* Re: Question about compile packages
2021-03-30 11:12 ` Julien Lepiller
@ 2021-03-30 16:12 ` raingloom
2021-03-31 0:28 ` Mark H Weaver
1 sibling, 0 replies; 5+ messages in thread
From: raingloom @ 2021-03-30 16:12 UTC (permalink / raw)
To: Julien Lepiller; +Cc: guix-devel, Charles Direg
On Tue, 30 Mar 2021 07:12:27 -0400
Julien Lepiller <julien@lepiller.eu> wrote:
> Not sure about your first question. Maybe create your own fork and
> regularly rebase it? Guix will not be very happy with that I think,
> but it should work.
>
> To pass --no-substitutes, you can pass it to guix-daemon, or remove
> the authorized keys from /etc/guix/acl. The second option lets you
> download substitutes for fixed output derivations (basically source
> tarballs), so it's easier in case some of those tarballs disappear
> from their original location.
>
> I think the first option is selectable from the installer, but I
> might be wrong. Otherwise, stop guix-daemon from herd and run it
> manually with your options.
>
> Le 29 mars 2021 15:05:08 GMT-04:00, Charles Direg
> <carloshujara@gmail.com> a écrit :
> > Dear,
> >
> >How can I modify the flags that any program is compiled with within
> >guix? That
> >is, I can allow in the gnu-build-system to modify it globally so
> >that I can
> >add the build flags to any package, for example, add the flags -O2
> >-march=native -mtune=native so global as I already mentioned, so that
> >these
> >are added to each package at the time of compilation, this would not
> >be within the guix development environment, because what I want is
> >that this
> >compilation is natively for my pc.
> >
> >As a second question, how could I set the --no-susbtitutes option
> >when installing the guix system from ISO, since I would like all
> >installed packages to be compiled natively first?
> >
> >I really appreciate your kind time and I look forward to your
> >responses.
> >
> >Sincerely,
> >~ Abraham Huerta
I'm mostly guessing here, but wrapping gcc with a script that sets the
options you want might work. Could try creating a gcc-toolchain that
is set up the way you want it (don't even have to recompile, like i
said, just create a wrapper script that calls the original toolchain)

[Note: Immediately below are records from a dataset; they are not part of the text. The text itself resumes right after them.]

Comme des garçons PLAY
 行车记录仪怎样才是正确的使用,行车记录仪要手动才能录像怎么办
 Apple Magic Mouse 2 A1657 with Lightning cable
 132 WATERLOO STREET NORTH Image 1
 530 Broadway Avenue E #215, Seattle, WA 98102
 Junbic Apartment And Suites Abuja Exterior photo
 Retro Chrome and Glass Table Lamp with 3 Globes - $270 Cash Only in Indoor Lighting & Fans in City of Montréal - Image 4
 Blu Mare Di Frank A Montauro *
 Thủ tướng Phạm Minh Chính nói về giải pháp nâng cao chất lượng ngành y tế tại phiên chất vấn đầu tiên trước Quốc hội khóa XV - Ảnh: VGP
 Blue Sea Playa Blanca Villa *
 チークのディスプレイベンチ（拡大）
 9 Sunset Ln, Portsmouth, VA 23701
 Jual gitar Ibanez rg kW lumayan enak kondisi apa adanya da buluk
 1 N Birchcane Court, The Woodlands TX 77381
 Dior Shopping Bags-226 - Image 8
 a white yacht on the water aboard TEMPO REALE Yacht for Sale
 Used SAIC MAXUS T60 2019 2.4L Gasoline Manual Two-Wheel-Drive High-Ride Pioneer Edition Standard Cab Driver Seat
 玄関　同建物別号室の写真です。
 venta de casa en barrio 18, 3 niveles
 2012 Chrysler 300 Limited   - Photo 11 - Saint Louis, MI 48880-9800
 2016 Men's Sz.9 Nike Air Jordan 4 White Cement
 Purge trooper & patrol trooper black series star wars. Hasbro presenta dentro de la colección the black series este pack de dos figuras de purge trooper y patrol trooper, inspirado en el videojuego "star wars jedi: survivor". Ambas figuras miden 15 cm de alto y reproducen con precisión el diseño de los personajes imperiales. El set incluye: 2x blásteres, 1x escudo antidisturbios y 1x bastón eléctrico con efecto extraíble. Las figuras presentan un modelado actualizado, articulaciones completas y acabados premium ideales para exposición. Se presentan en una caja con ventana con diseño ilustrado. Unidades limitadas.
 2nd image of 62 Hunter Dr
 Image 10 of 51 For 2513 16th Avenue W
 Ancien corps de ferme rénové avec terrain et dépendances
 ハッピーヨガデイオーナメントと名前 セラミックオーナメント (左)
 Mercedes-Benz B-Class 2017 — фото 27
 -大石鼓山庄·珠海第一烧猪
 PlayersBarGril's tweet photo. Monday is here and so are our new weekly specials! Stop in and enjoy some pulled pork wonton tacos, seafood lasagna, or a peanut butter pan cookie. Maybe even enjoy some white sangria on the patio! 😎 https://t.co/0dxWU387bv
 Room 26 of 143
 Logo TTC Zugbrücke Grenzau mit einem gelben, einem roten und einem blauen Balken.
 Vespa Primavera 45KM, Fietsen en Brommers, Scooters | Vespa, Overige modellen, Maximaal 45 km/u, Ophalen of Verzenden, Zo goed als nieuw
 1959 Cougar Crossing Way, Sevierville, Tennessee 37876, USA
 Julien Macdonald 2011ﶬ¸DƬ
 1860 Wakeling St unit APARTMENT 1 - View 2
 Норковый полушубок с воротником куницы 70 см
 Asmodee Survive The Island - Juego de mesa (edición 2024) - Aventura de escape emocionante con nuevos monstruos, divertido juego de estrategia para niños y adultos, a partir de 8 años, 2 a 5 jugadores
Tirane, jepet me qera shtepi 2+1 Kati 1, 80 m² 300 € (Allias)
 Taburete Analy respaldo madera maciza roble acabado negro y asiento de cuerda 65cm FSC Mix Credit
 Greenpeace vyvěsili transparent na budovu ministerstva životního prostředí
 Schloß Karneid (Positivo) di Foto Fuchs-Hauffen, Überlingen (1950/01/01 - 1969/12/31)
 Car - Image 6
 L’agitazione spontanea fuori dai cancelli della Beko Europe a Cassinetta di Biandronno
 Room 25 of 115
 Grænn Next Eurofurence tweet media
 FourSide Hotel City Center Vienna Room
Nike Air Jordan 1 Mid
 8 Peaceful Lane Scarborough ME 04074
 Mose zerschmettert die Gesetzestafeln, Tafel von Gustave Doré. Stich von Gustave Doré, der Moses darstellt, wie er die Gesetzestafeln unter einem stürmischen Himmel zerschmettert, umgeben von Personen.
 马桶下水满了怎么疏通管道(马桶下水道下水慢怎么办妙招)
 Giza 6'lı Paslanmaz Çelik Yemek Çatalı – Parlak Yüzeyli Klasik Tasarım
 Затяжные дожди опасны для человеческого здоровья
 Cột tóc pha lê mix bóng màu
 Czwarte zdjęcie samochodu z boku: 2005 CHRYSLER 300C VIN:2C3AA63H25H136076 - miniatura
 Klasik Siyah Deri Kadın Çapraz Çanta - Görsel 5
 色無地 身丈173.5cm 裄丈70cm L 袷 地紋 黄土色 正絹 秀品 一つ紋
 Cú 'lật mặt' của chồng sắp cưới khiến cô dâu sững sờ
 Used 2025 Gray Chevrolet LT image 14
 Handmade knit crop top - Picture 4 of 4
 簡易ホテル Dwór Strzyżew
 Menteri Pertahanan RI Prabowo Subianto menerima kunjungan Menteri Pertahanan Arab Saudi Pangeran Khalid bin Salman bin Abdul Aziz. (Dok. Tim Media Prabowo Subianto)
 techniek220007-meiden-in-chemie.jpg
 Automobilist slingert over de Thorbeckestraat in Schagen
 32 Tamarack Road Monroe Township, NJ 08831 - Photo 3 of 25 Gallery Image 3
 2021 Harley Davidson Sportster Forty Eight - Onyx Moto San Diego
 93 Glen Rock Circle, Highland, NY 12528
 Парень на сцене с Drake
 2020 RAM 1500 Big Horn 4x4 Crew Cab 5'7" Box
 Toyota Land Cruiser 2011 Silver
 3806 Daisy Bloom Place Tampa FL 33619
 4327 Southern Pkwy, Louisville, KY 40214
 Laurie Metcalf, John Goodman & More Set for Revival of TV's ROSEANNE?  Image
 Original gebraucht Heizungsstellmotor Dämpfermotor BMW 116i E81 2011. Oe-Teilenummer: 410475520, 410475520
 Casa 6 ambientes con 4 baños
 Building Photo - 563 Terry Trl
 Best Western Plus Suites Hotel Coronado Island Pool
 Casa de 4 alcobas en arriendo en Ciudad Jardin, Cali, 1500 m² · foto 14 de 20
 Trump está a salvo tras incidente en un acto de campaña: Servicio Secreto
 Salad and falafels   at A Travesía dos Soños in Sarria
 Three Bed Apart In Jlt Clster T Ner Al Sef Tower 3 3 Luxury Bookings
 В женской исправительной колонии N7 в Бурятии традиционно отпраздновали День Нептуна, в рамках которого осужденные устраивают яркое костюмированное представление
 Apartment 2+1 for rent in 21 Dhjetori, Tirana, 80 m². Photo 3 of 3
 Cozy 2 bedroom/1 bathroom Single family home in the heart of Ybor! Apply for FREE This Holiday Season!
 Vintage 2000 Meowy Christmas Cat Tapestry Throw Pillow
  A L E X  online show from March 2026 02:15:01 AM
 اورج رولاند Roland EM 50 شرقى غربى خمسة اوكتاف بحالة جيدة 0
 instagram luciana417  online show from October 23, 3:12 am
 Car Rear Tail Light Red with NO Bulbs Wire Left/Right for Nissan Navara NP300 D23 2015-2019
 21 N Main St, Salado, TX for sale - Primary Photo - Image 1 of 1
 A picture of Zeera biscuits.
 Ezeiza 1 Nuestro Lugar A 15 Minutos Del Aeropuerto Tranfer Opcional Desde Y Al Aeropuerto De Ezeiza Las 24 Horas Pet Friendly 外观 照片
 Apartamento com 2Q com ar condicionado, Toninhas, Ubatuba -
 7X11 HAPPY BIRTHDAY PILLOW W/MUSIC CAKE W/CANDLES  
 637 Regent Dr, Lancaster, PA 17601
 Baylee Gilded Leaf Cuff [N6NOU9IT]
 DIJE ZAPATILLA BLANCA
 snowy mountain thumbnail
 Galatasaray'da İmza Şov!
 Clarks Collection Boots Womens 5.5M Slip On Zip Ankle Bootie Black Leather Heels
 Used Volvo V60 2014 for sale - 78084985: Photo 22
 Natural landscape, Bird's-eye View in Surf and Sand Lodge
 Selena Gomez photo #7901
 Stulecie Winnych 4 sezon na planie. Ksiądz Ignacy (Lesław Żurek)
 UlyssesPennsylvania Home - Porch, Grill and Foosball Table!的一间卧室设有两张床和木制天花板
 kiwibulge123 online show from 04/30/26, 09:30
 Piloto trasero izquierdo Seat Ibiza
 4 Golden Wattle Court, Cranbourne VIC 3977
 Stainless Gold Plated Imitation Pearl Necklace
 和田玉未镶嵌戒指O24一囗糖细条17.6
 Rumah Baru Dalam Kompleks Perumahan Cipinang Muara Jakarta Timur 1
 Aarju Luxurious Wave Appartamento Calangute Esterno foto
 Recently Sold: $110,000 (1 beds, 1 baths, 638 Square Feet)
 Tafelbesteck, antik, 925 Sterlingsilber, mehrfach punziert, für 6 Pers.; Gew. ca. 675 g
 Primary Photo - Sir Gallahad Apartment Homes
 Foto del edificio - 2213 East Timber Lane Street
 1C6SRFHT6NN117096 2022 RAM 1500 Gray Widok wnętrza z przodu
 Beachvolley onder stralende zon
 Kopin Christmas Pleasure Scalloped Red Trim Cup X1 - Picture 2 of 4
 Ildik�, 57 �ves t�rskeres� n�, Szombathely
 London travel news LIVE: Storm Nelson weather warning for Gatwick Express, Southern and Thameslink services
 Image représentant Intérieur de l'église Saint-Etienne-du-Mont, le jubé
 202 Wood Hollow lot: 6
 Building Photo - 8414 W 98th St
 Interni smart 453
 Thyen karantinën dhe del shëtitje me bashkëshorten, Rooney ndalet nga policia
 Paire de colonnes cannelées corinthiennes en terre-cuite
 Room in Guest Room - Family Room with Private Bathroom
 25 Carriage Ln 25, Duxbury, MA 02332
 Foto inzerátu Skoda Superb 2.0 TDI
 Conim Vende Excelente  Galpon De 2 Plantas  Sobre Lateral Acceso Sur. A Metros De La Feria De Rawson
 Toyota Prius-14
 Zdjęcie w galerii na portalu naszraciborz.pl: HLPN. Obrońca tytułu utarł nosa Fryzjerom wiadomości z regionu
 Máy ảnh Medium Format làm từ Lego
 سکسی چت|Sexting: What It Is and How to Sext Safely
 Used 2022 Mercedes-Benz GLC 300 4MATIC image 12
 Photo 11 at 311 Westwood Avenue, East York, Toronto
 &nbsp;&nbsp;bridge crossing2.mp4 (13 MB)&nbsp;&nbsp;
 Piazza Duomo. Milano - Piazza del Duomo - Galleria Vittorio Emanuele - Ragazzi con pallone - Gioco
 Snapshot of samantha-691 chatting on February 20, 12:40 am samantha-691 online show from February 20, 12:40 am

and then run guix build --with-toolchain=gcc-impure-native-toolchain
At least that's how I'd get started.
You could also just modify the toolchain package, but then you'd have
to recompile everything.
Anyways, if you want -march=native optimisations, there is some recent
discussion around some new GCC feature that detects CPU features at
runtime. The high performance computing (HPC) related developers are
very interested in using it in Guix.
^ permalink raw reply [flat|nested] 5+ messages in thread
* Re: Question about compile packages
2021-03-30 11:12 ` Julien Lepiller
2021-03-30 16:12 ` raingloom
@ 2021-03-31 0:28 ` Mark H Weaver
2021-03-31 17:36 ` Vincent Legoll
1 sibling, 1 reply; 5+ messages in thread
From: Mark H Weaver @ 2021-03-31 0:28 UTC (permalink / raw)
To: Julien Lepiller, guix-devel, Charles Direg
Hi,
Charles Direg <carloshujara@gmail.com> asked:
> How can I modify the flags that any program is compiled with within guix? That
> is, I can allow in the gnu-build-system to modify it globally so that I can
> add the build flags to any package, for example, add the flags -O2
> -march=native -mtune=native so global as I already mentioned, so that these
> are added to each package at the time of compilation, this would not be
> within the guix development environment, because what I want is that this
> compilation is natively for my pc.
Julien Lepiller <julien@lepiller.eu> replied:
> Not sure about your first question. Maybe create your own fork and
> regularly rebase it? Guix will not be very happy with that I think,
> but it should work.
I've been doing this all along, since the early days of Guix. No one
seems to be unhappy with me about it, and I'm not sure why they would.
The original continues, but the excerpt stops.